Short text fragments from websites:
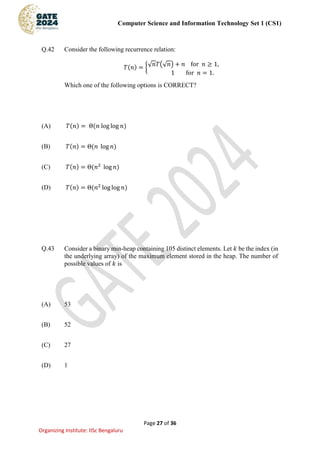 Computer Science and Information Technology Set 1 (CS1)
Page 27 of 36
Organizing Institute: IISc Bengaluru
Q.42 Consider the following recurrence relation:
𝑇(𝑛) = {√𝑛𝑇(√𝑛) + 𝑛 for 𝑛 ≥ 1,
1 for 𝑛 = 1.
Which one of the following options is CORRECT?
(A) 𝑇(𝑛) = Θ(𝑛 log log 𝑛)
(B) 𝑇(𝑛) = Θ(𝑛 log 𝑛)
(C) 𝑇(𝑛) = Θ(𝑛2
log 𝑛)
(D) 𝑇(𝑛) = Θ(𝑛2
log log 𝑛)
Q.43 Consider a binary min-heap containing 105 distinct elements. Let 𝑘 be the index (in
the underlying array) of the maximum element stored in the heap. The number of
possible values of 𝑘 is
(A) 53
(B) 52
(C) 27
(D) 1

Exercise details ->
The range runs from the line with "Organizing Institute: IISc Bengaluru" to the last line of the entries above, both included. Restate it word for word.

Exercise output ->
Organizing Institute: IISc Bengaluru
Q.42 Consider the following recurrence relation:
𝑇(𝑛) = {√𝑛𝑇(√𝑛) + 𝑛 for 𝑛 ≥ 1,
1 for 𝑛 = 1.
Which one of the following options is CORRECT?
(A) 𝑇(𝑛) = Θ(𝑛 log log 𝑛)
(B) 𝑇(𝑛) = Θ(𝑛 log 𝑛)
(C) 𝑇(𝑛) = Θ(𝑛2
log 𝑛)
(D) 𝑇(𝑛) = Θ(𝑛2
log log 𝑛)
Q.43 Consider a binary min-heap containing 105 distinct elements. Let 𝑘 be the index (in
the underlying array) of the maximum element stored in the heap. The number of
possible values of 𝑘 is
(A) 53
(B) 52
(C) 27
(D) 1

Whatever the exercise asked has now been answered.